### GOAL OF THE EXERCISE
Write out nothing except the lines of the entries below, from the first through the one containing "image:imageZESICA Womens Summer", exactly and without pictures.

(Beginning of EXCERPTED RECORDS)

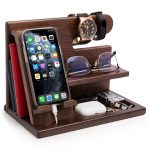 TESLYAR Wood Phone Docking Station for Men - Desktop or Nightstand Organizer - Birthday Gifts for Men, Dad - Anniversary Idea from Wife - Key Holder, Stand Wallet, Watch & Essentials (Bourbon Brown)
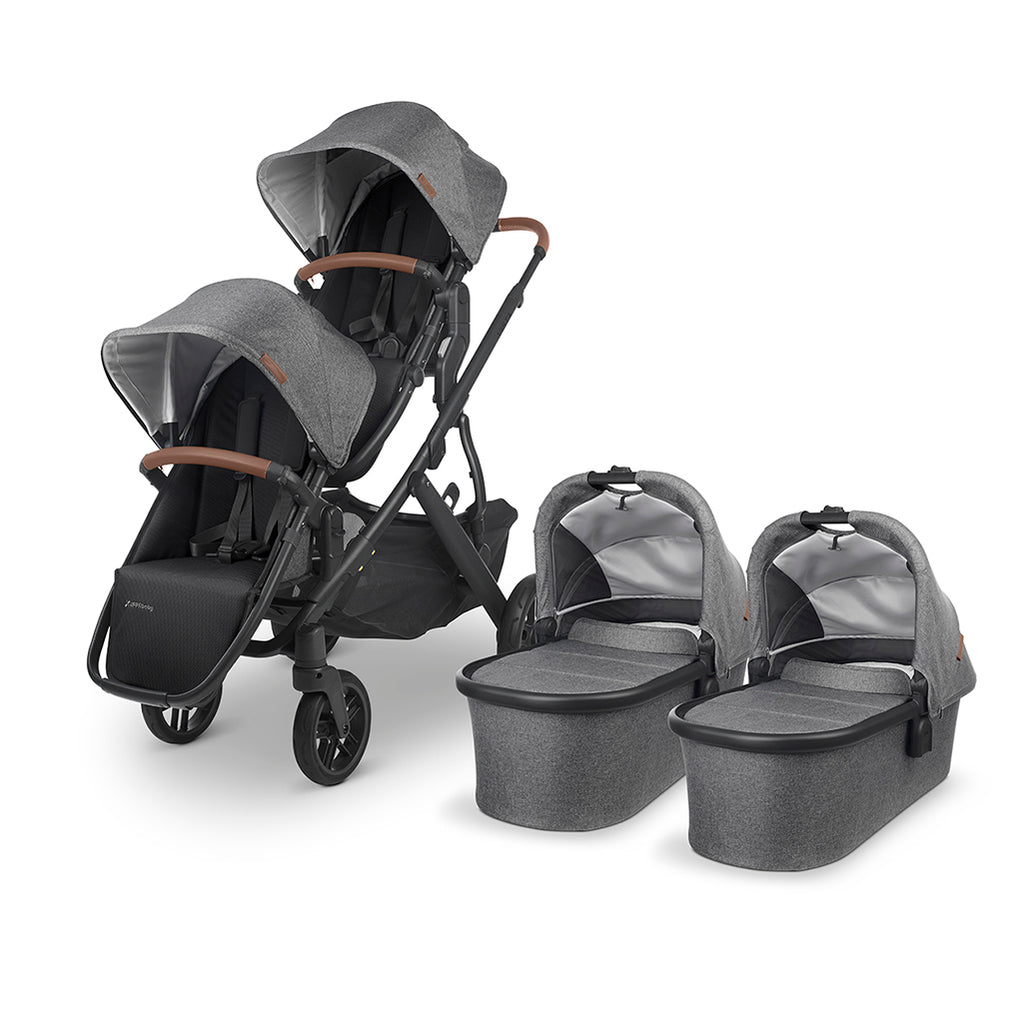 UPPAbaby VISTA v2 double umbrella stroller with bassinets and rumbleseats in Greyson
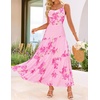 image:imageZESICA Womens Summer Floral Sleeveless Maxi Dress 2026 Boho Mesh Spaghetti Strap Flowy Beach Wedding Guest Long DressesPink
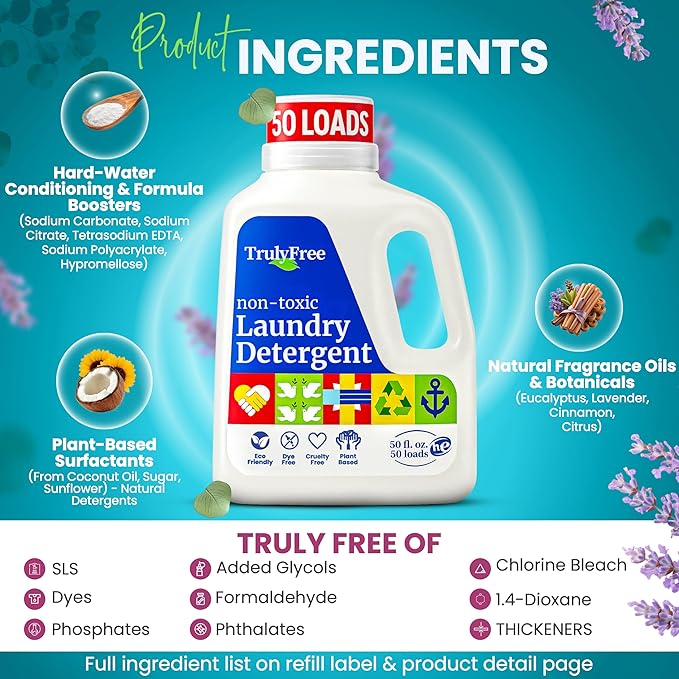 Truly Free Laundry Detergent Powder, Signature, 4 Refills + Fabric Softener, Signature Scent, 4 Refills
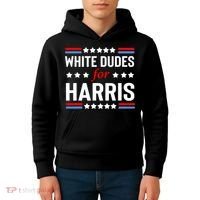 White Dudes For Harris 2024 For President Kids Hoodie thumb 4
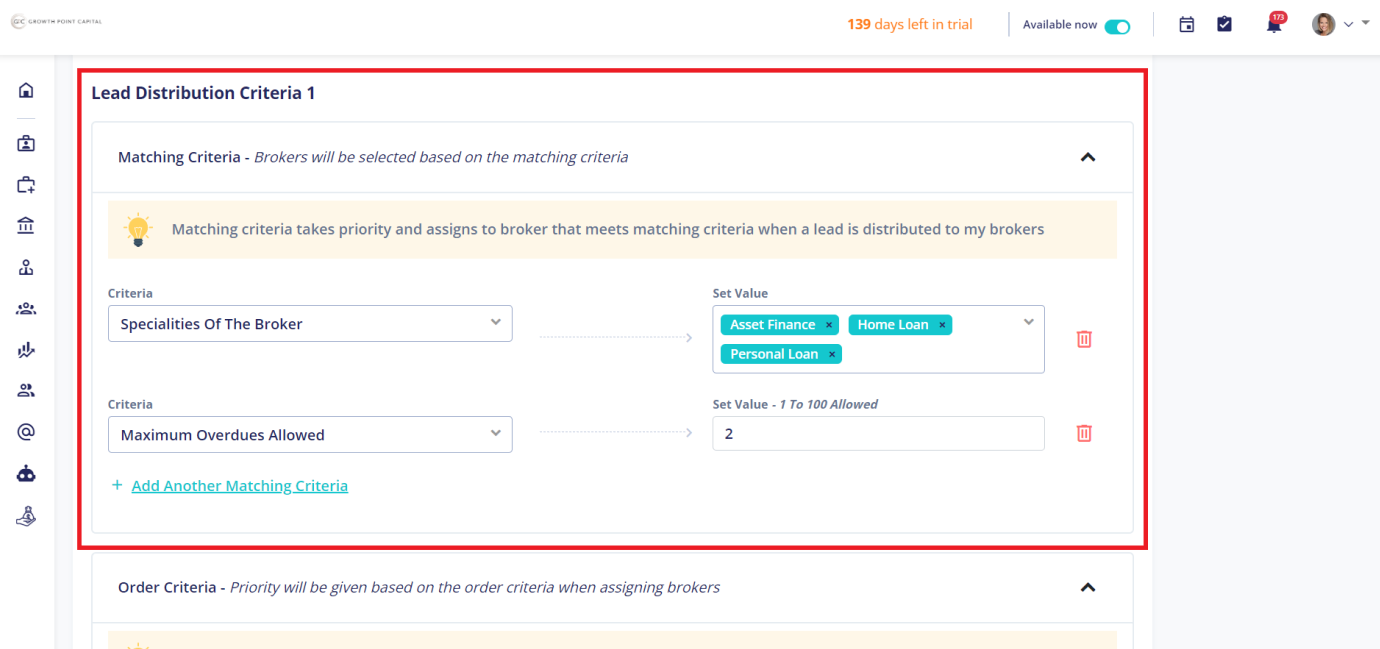 Lead distribution criteria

(End of EXCERPTED RECORDS)

### ANSWER SPACE
 TESLYAR Wood Phone Docking Station for Men - Desktop or Nightstand Organizer - Birthday Gifts for Men, Dad - Anniversary Idea from Wife - Key Holder, Stand Wallet, Watch & Essentials (Bourbon Brown)
 UPPAbaby VISTA v2 double umbrella stroller with bassinets and rumbleseats in Greyson
 image:imageZESICA Womens Summer Floral Sleeveless Maxi Dress 2026 Boho Mesh Spaghetti Strap Flowy Beach Wedding Guest Long DressesPink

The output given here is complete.